TxTec has experienced faculty and researchers, as well as equipped laboratories in multiple specialties, such as the National Laboratory of Solar Concentration Systems in collaboration with Universidad de Sonora and Universidad Nacional Autónoma de México (UNAM), and provides confidential industrial-research facilities as well as economic and business consulting to nurture successful new technology developments in the region.
In 2008, TxTec and Utility Scale Solar, Inc. (USS), of Palo Alto, California, announced a joint agreement to develop advanced Concentrating Solar Power-plant designs.
The systems feature TxTec’s contributions to tower receiver designs and USS’s breakthrough heliostat (sun tracker) technology. Under the agreement, TxTec and USS will jointly develop CSP plant designs suited for Mexico’s Sonoran Plateau, one of the best solar regions in the world and one ideally suited for the CSP plant configuration known as "power tower."

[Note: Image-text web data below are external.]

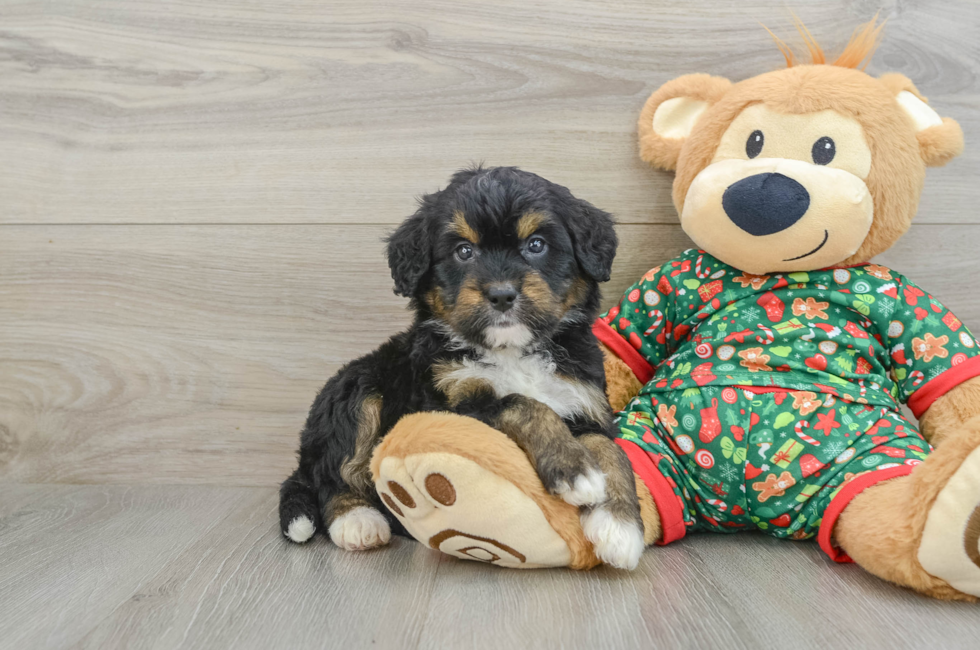 5 week old Mini Bernedoodle Puppy For Sale - Puppy Love PR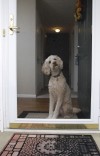 How to train a dog to stop jumping at the door
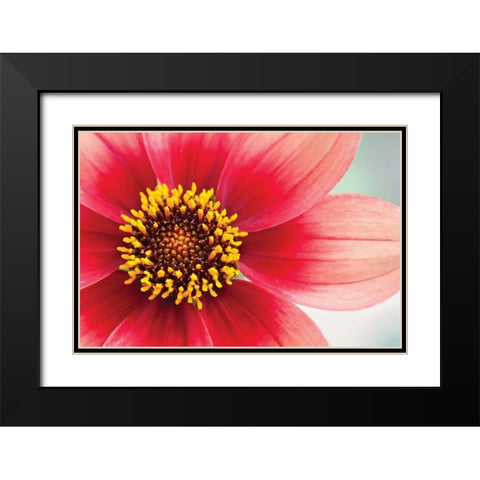 Starburst IV Black Modern Wood Framed Art Print with Double Matting by Styber, Dana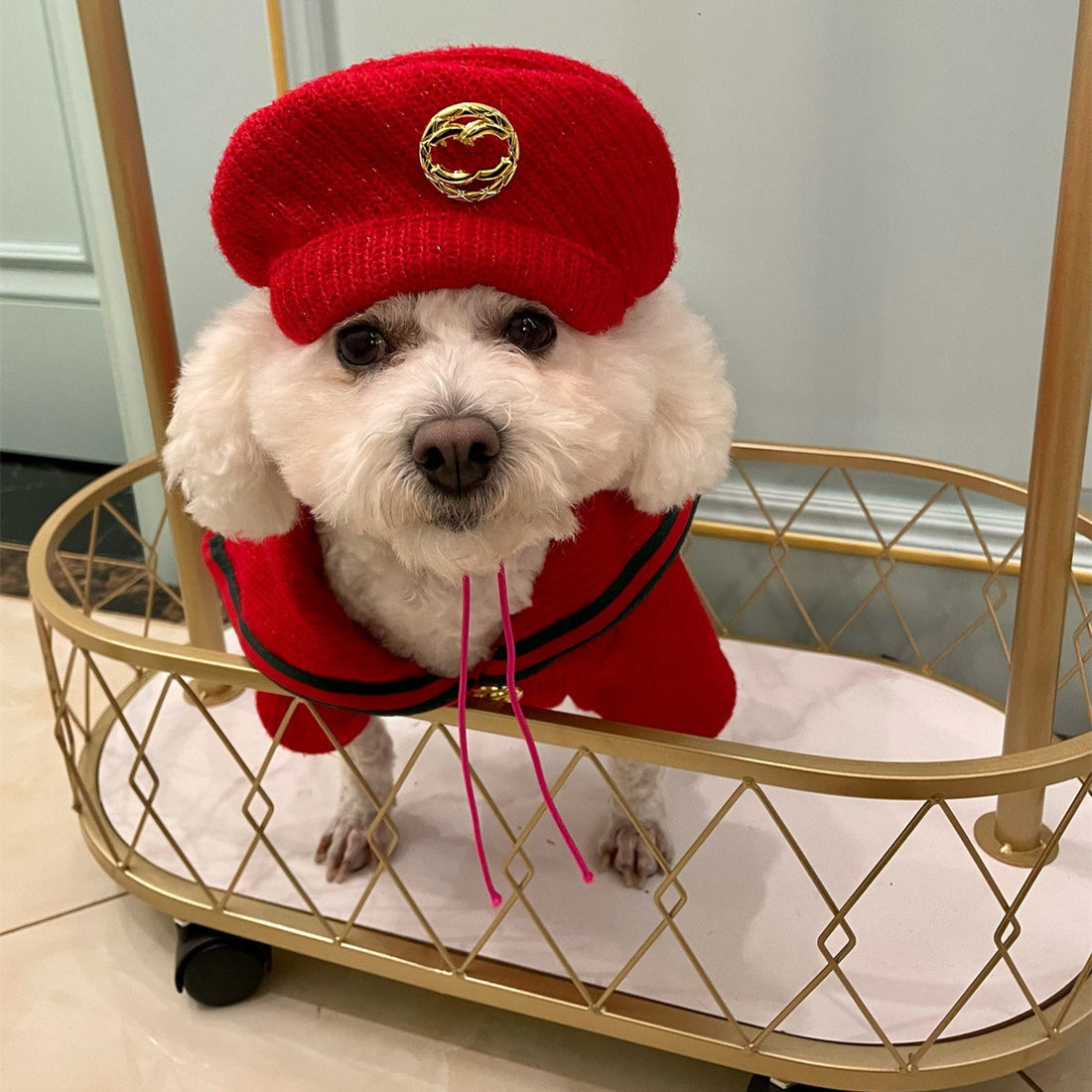 Pet Sweater Autumn And Winter Dog Clothes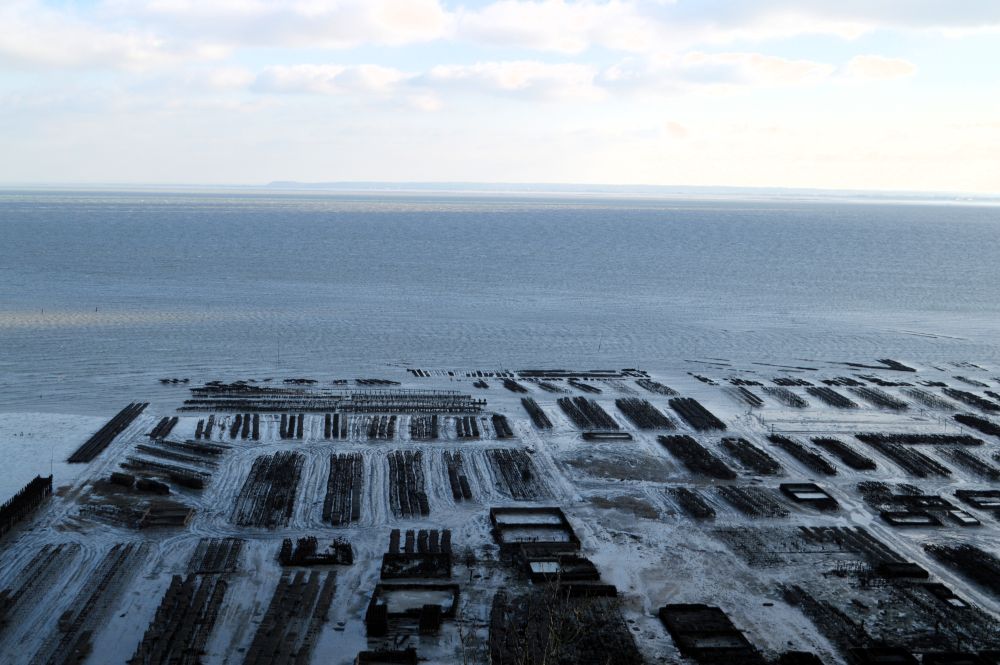 parcs à huitres à Cancale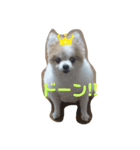 私はお嬢様（個別スタンプ：5）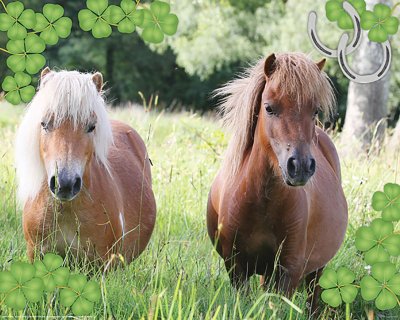 Horse Plakat 40x50 cm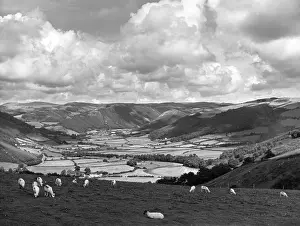 Cardiganshire: RHEIDOL VALLEY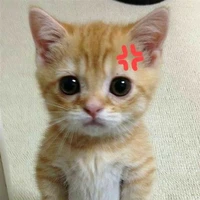 แมวโง่สาขา4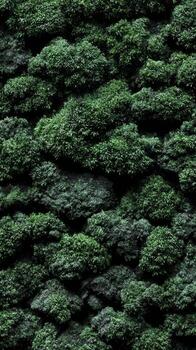 A green wall with many trees photo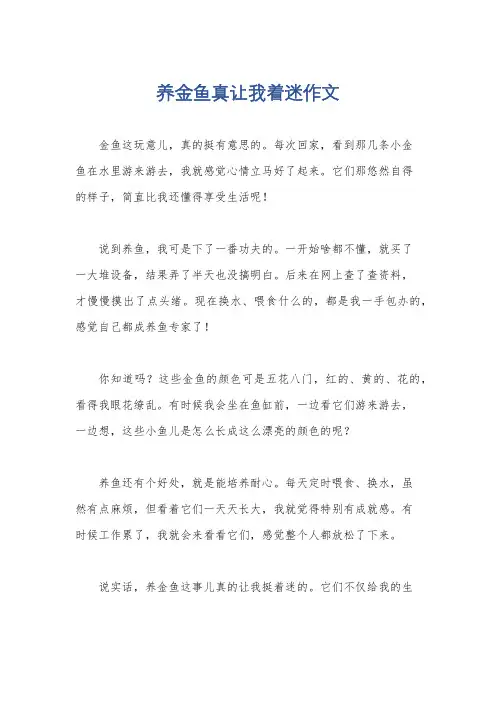养金鱼真让我着迷作文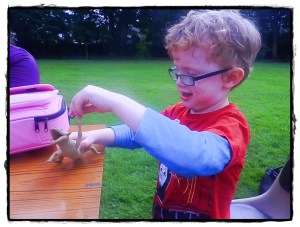 My monster and the lizard that everyone spent a fortune winning him from the tombolo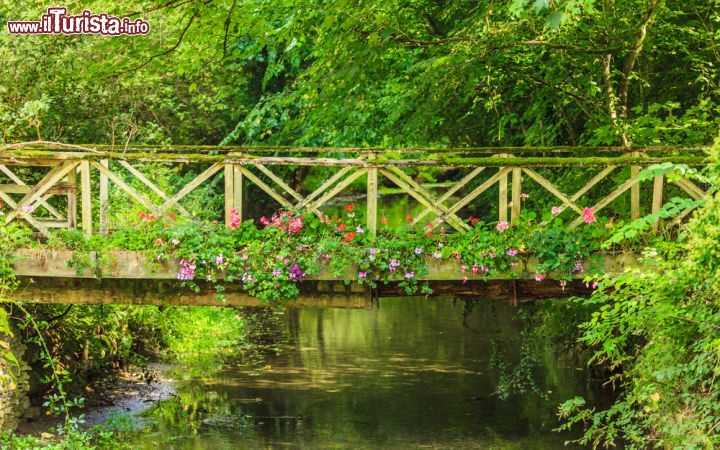 Immagine Un ponticello sul fiume Coln a Bibury, Inghilterra - Un ponte pedonale in legno impreziosito da vegetazione e fiori variopinti: gli scorci panoramici offerti dal fiume Coln sono fra i più apprezzati di questo borgo antico © Voyagerix / Shutterstock.com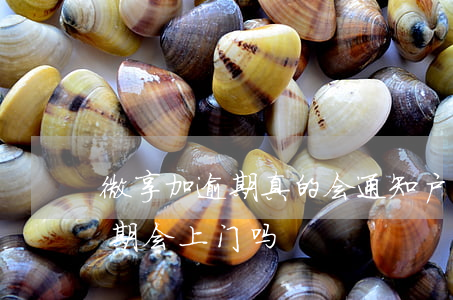 微享加逾期真的会通知户籍地吗-微享加逾期会上门吗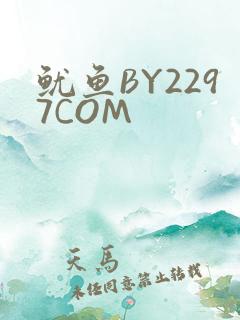 鱿鱼BY2297COM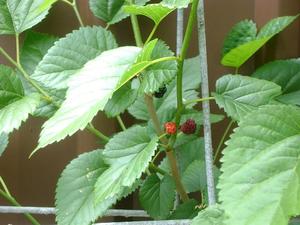 Sophie-polvo/Morera seca - Product Image 4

TxTec will deploy and test USS’s next-generation heliostat technology at TxTec’s CSP lab plant, in conjunction with advanced tower receiver designs developed and tested by TxTec. The two parties are also collaborating on a 50-megawatt power-tower plant that will supply enough power to the Mexican grid to power more than 53,000 households.
The Mexican federal government has recognized the contributions of solar and other renewable energies in terms of greenhouse-gas mitigation. Translating that into concrete reforms remains the challenge, but the last decade has seen substantial progress on that front. IPPs, for example, are now permitted to sell power to CFE for the industrial sector.
To date, Mexico’s solar sector has concentrated on off-grid photovoltaics (PV). The federal government has identified PV as one of the most cost-effective solutions for providing power to the three percent of rural Mexicans not currently connected to the grid. Approximately 60,000 to 80,000 PV systems are now in operation across rural Mexico.
Moisés Gómez Reyna, Economy Secretary of the Sonora state government, explained the policy, law and infrastructure arrangements that their administration is creating to start a joint-venture to rent the desert at San Luis Río Colorado to produce energy and sell it to California or Arizona.
"Boundary states in Mexico have been betting on renewable energy since 2005. We want to be considered providers of wind and solar energy inside the country and to our foreign neighbors," Gómez explained.
To gain credibility as energy providers, the Sonoran state administration has been establishing relationships with other Mexican states to build an ‘energy corridor’ to produce solar and wind energy to serve California and Arizona since 2009. The opportunity is there — three of Mexico’s sunniest cities are in Sonora. It is just a matter of finding the necessary government backing.
Solar power in all its forms amounts today to less than one percent of Mexico’s energy matrix, according to CSP Today. For all its potential, utility-scale concentrated solar power (CSP) remains very much in its infancy. But Sonora wants to grow up fast.